WHAT THE TASK REQUIRES. After removing every image, reproduce the data exactly as it appears.

MATERIALS PROVIDED.
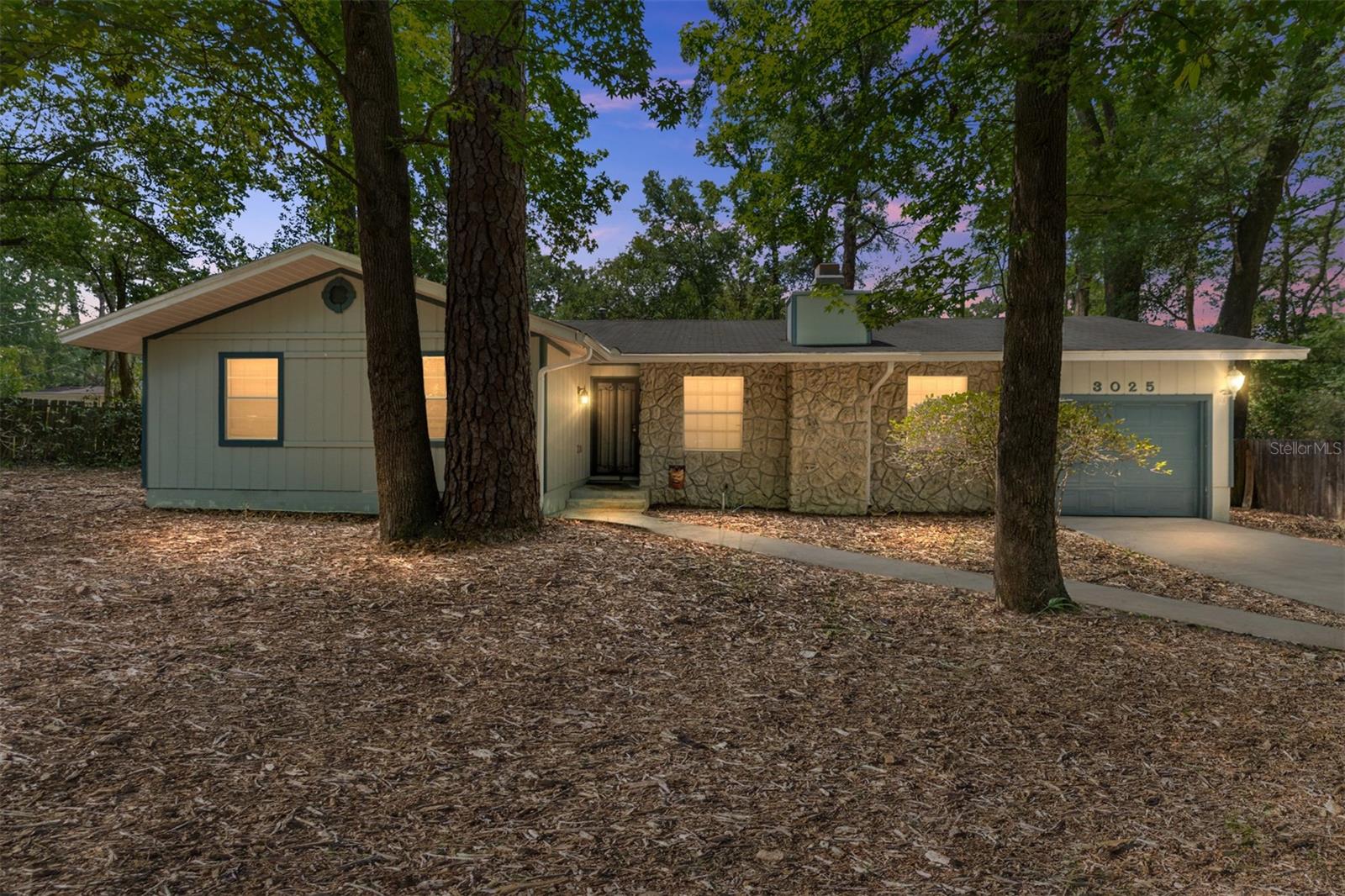 Photo of 3025 W UNIVERSITY AVENUE GAINESVILLE FL 32607
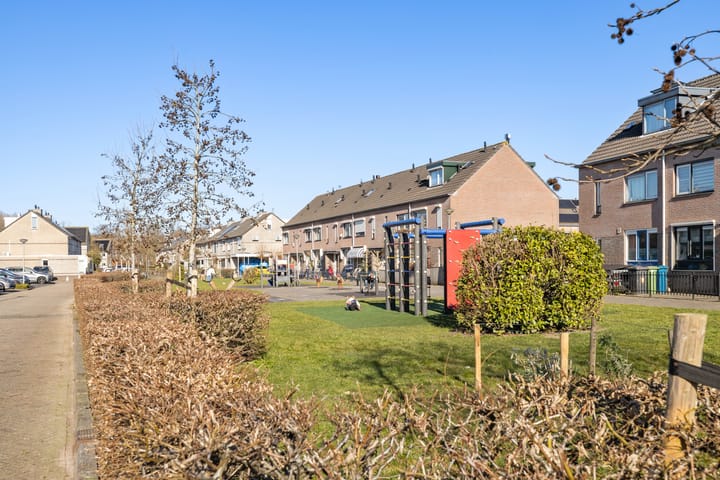 Photo 37 of Philippote van der Marckstraat 7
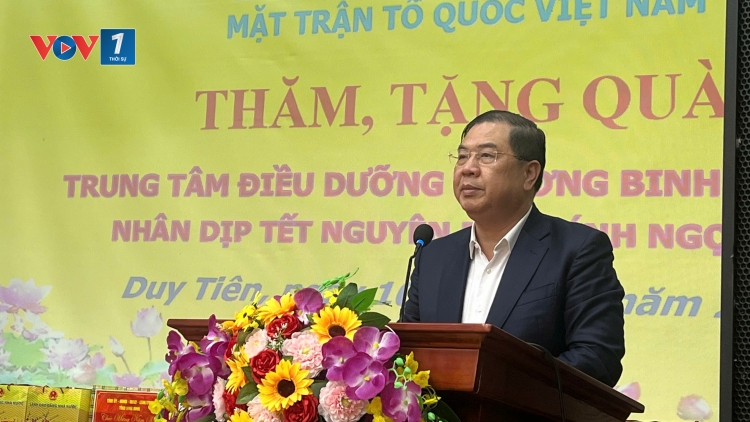 Ông Phạm Gia Túc thăm, tặng quà thương bệnh binh tại Trung tâm Điều dưỡng thương binh Duy Tiên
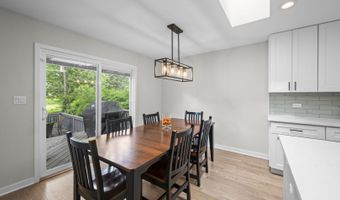 2518 N Ridge Ave, Arlington Heights, IL 60004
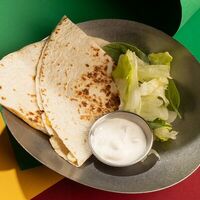 Кесадилья с цыпленком в Lars Vegans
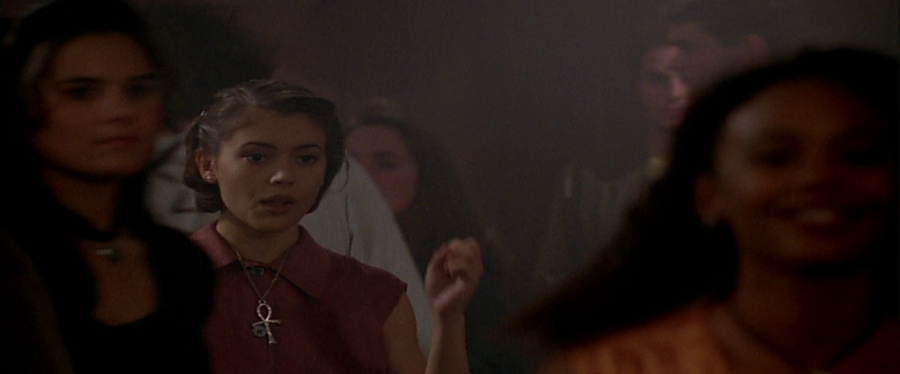 charmed-online-dot-net_EmbraceOfTheVampire1749.jpg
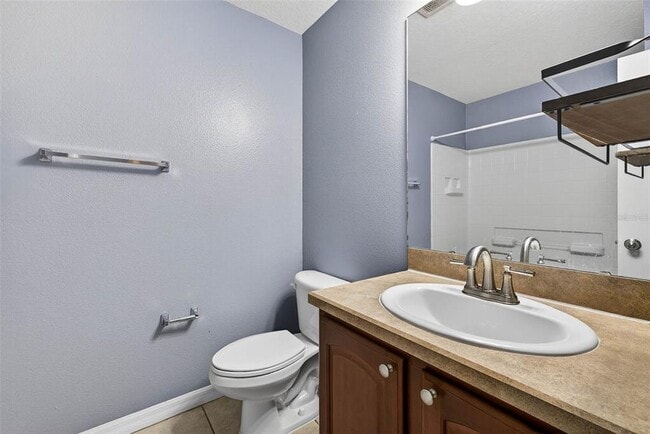 Building Photo - 6745 Breezy Palm Dr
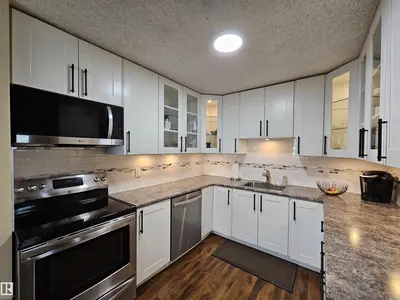 Interior photo 4 of 4319 54 ST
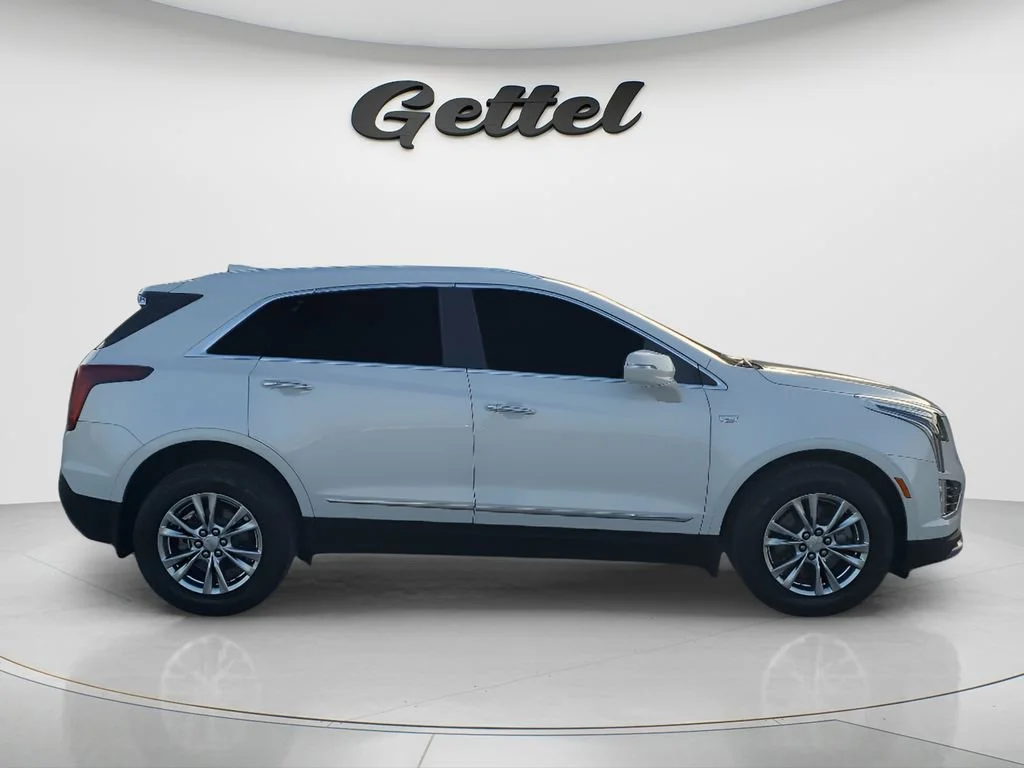 Used 2020 CRYSTAL WHITE TRICOAT Cadillac Premium Luxury FWD image 4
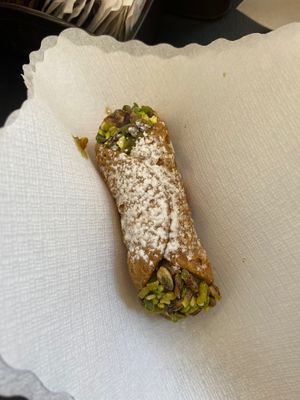 Vegan cannolo with piatachio cream at Sicilian Goodness - Via Roma in Padua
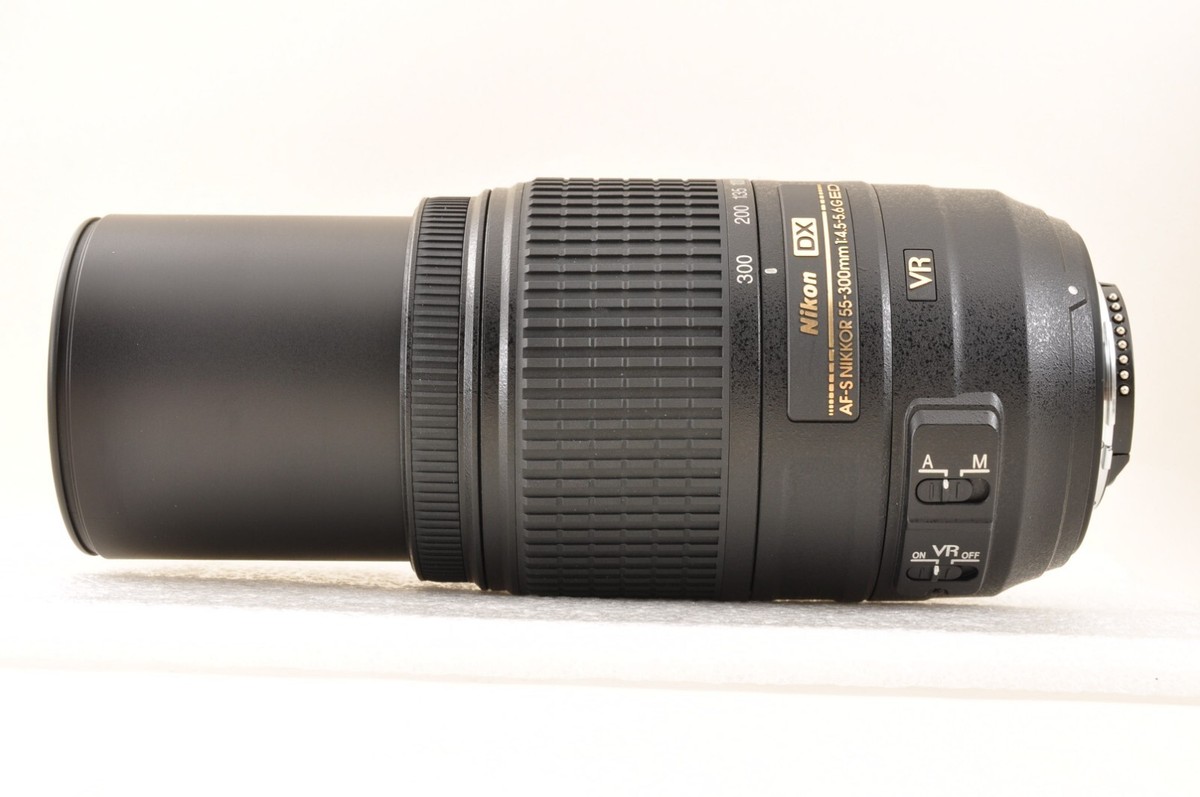 Nikon AF-S DX NIKKOR 55-300mm F/4.5-5.6 G ED VR Lens w/Hood Mint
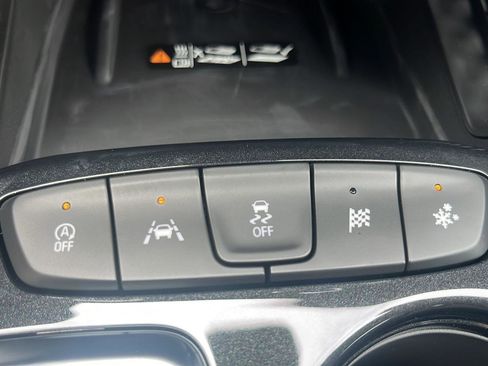 New 2025 Chevrolet TrailBlazer RS w/ Convenience Package image 23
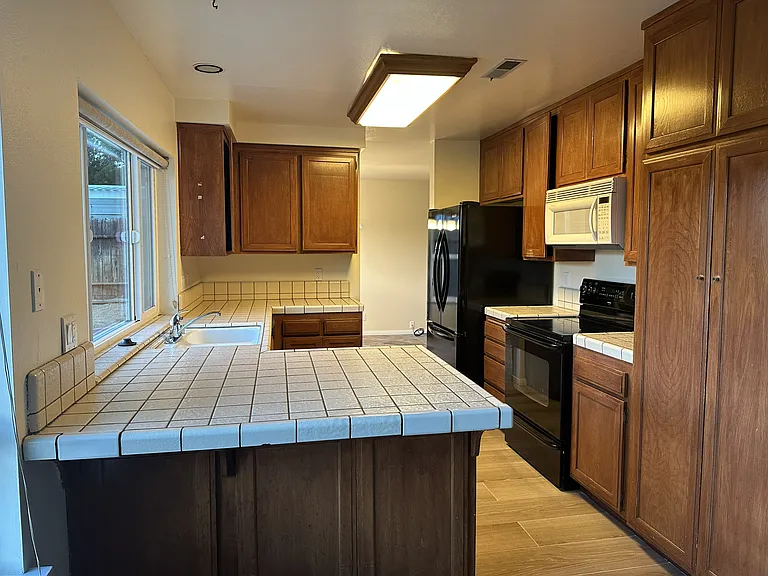 1631 Shoshone Dr — Photo 13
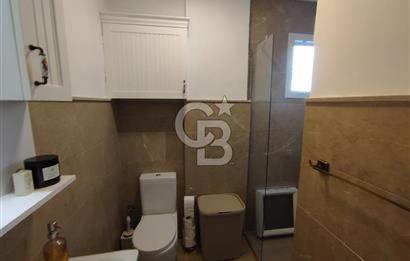 Alaçatı'da Site İçi Satılık Villa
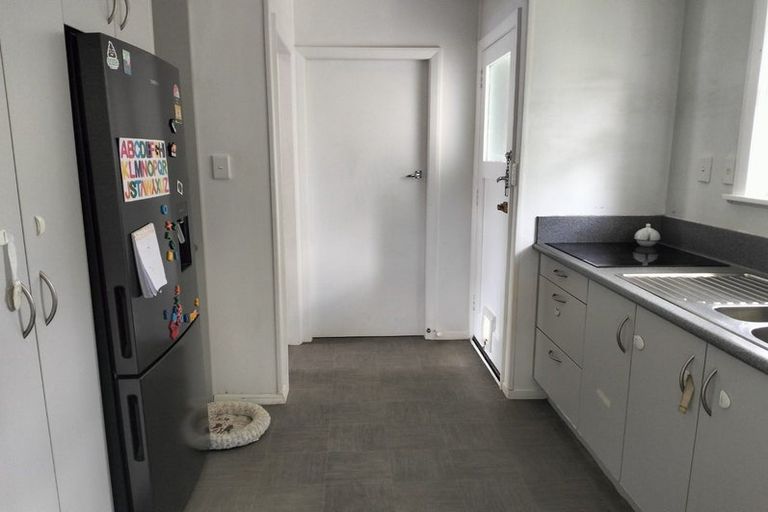 Photo of property in 1 Iris Grove, Trentham, Upper Hutt, 5018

ANSWER TO THE PROBLEM.
 Photo of 3025 W UNIVERSITY AVENUE GAINESVILLE FL 32607
 Photo 37 of Philippote van der Marckstraat 7
 Ông Phạm Gia Túc thăm, tặng quà thương bệnh binh tại Trung tâm Điều dưỡng thương binh Duy Tiên
 2518 N Ridge Ave, Arlington Heights, IL 60004
 Кесадилья с цыпленком в Lars Vegans
 charmed-online-dot-net_EmbraceOfTheVampire1749.jpg
 Building Photo - 6745 Breezy Palm Dr
 Interior photo 4 of 4319 54 ST
 Used 2020 CRYSTAL WHITE TRICOAT Cadillac Premium Luxury FWD image 4
 Vegan cannolo with piatachio cream at Sicilian Goodness - Via Roma in Padua
 Nikon AF-S DX NIKKOR 55-300mm F/4.5-5.6 G ED VR Lens w/Hood Mint
 New 2025 Chevrolet TrailBlazer RS w/ Convenience Package image 23
 1631 Shoshone Dr — Photo 13
 Alaçatı'da Site İçi Satılık Villa
 Photo of property in 1 Iris Grove, Trentham, Upper Hutt, 5018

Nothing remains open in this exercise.